Cramming packs information into short-term memory, where it decays within days. Research on the Ebbinghaus forgetting curve shows that people forget roughly 70 percent of new material within 24 hours if they do not review it. Students who cram before finals often pass the test but retain almost nothing a month later. The hours spent studying evaporate. Worse, the cycle repeats every semester.
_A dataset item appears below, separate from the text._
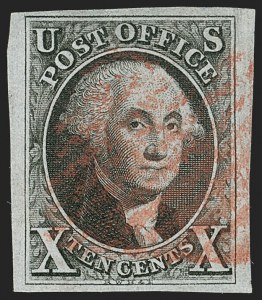 Sale 1197, Lot 1546, 10c 1847 Issue (Scott 2)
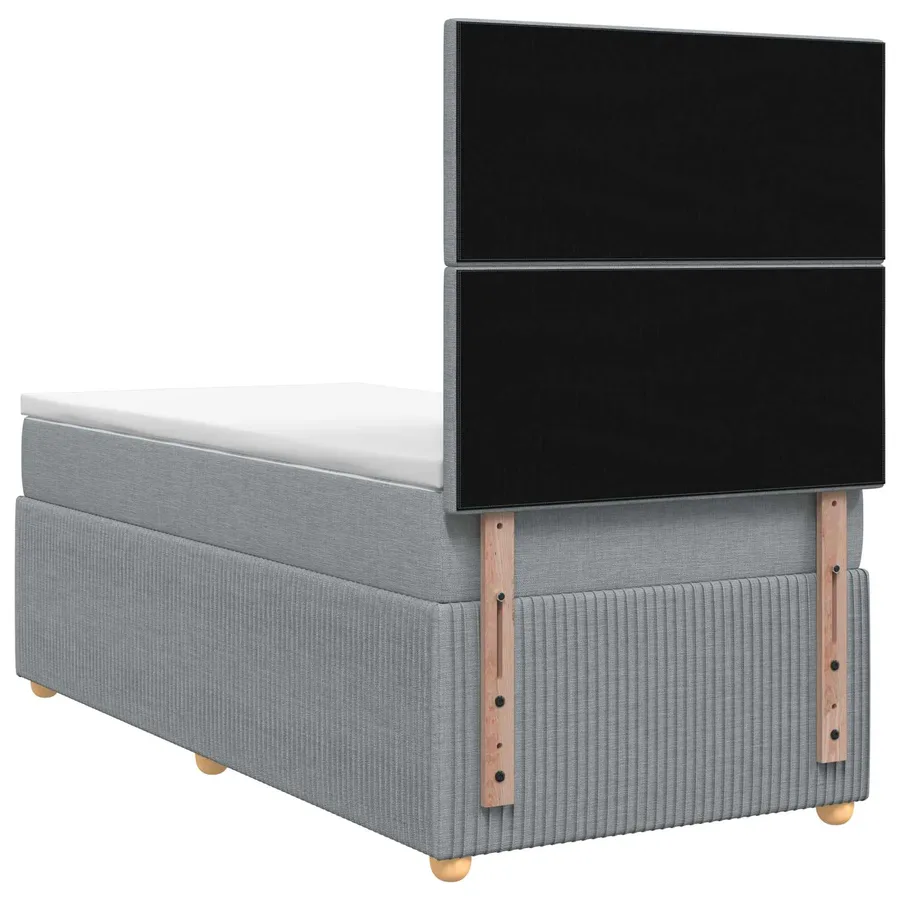 Lit boxspring LED avec matelas Gris clair 90 x 190 cm Tissu - 7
Spaced repetition fixes this by scheduling reviews at the exact moments your memory starts to fade. Instead of reviewing everything the night before, you spread reviews across increasing intervals. Each review strengthens the memory trace and pushes the next forgetting point further into the future. The challenge is choosing the right schedule. This cheat sheet compares every major spaced repetition system so you can pick one and start today.
What Is Spaced Repetition?
Spaced repetition is a study technique that schedules review sessions at gradually increasing intervals. It is based on the forgetting curve, first documented by Hermann Ebbinghaus in 1885, which shows that memory decays exponentially after initial learning. By reviewing material just before you forget it, each session reinforces the memory and extends the time until the next review is needed. The result is long-term retention with less total study time than traditional methods.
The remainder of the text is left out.